- Your instructions: Among the entries below, retype exactly the lines starting with the one with "Обложка Louis Vuitton B104512" and going on through the one with "Cadre avec carte", but not the pictures.

- The records:
*** Begin section ***
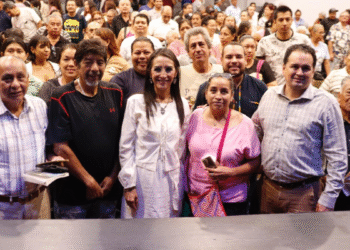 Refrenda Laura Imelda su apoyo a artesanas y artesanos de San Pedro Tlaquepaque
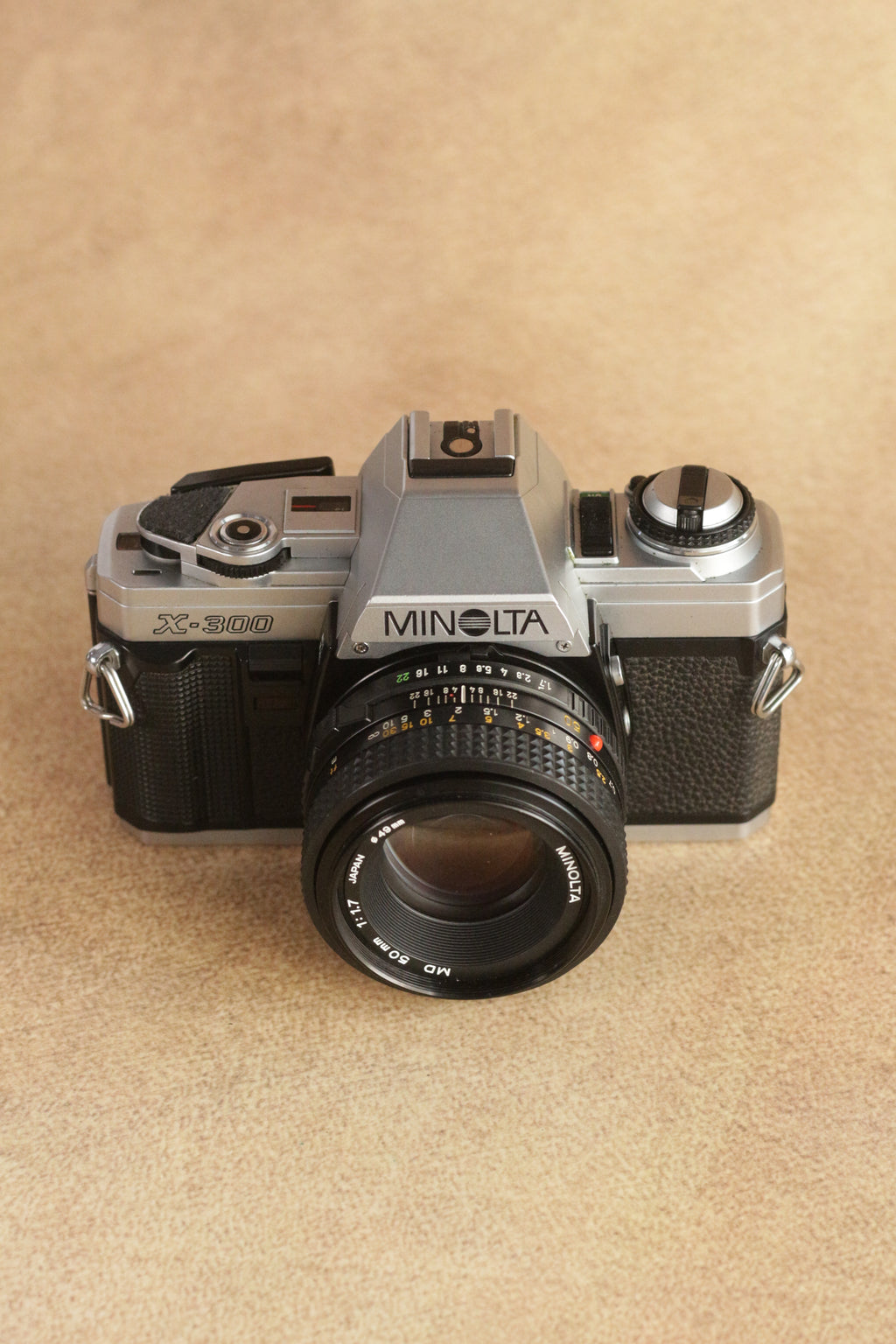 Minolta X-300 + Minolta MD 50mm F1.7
*** End section ***
*** Begin section ***
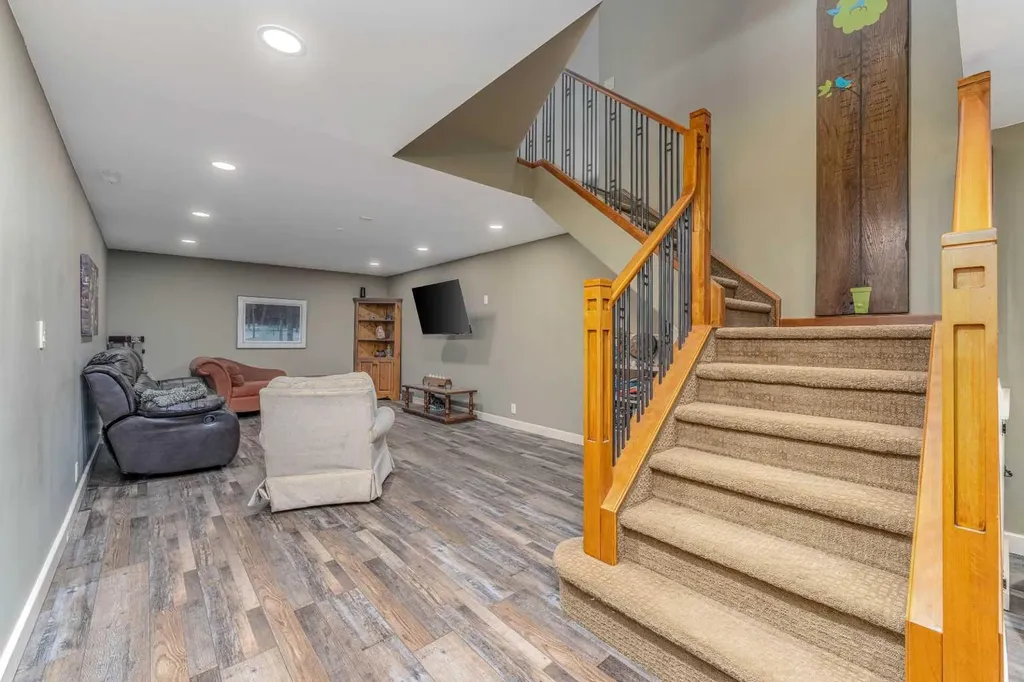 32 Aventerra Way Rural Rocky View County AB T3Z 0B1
*** End section ***
*** Begin section ***
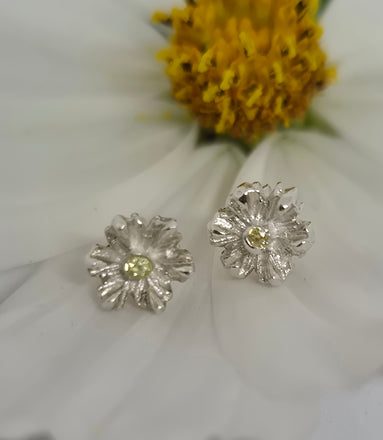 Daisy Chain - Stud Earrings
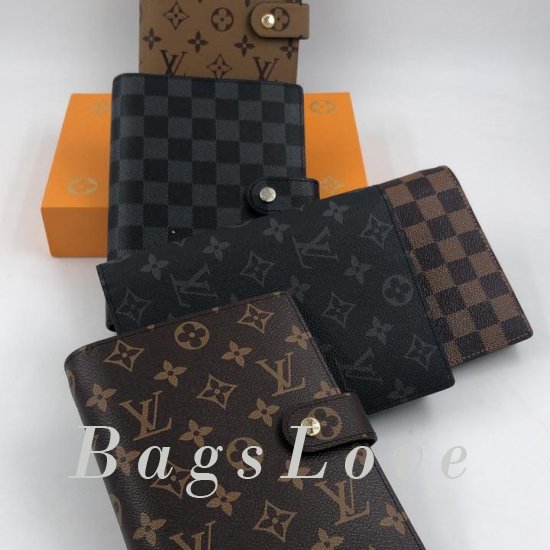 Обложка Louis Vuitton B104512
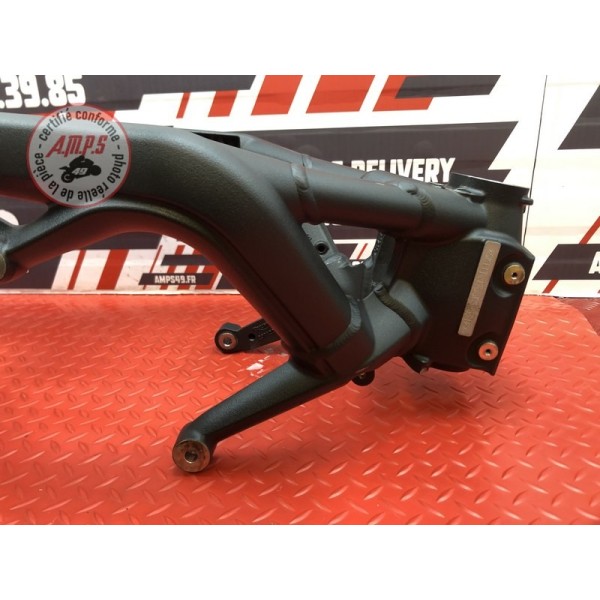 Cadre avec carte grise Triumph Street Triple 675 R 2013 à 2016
*** End section ***
- Solution below:
 Обложка Louis Vuitton B104512
 Cadre avec carte grise Triumph Street Triple 675 R 2013 à 2016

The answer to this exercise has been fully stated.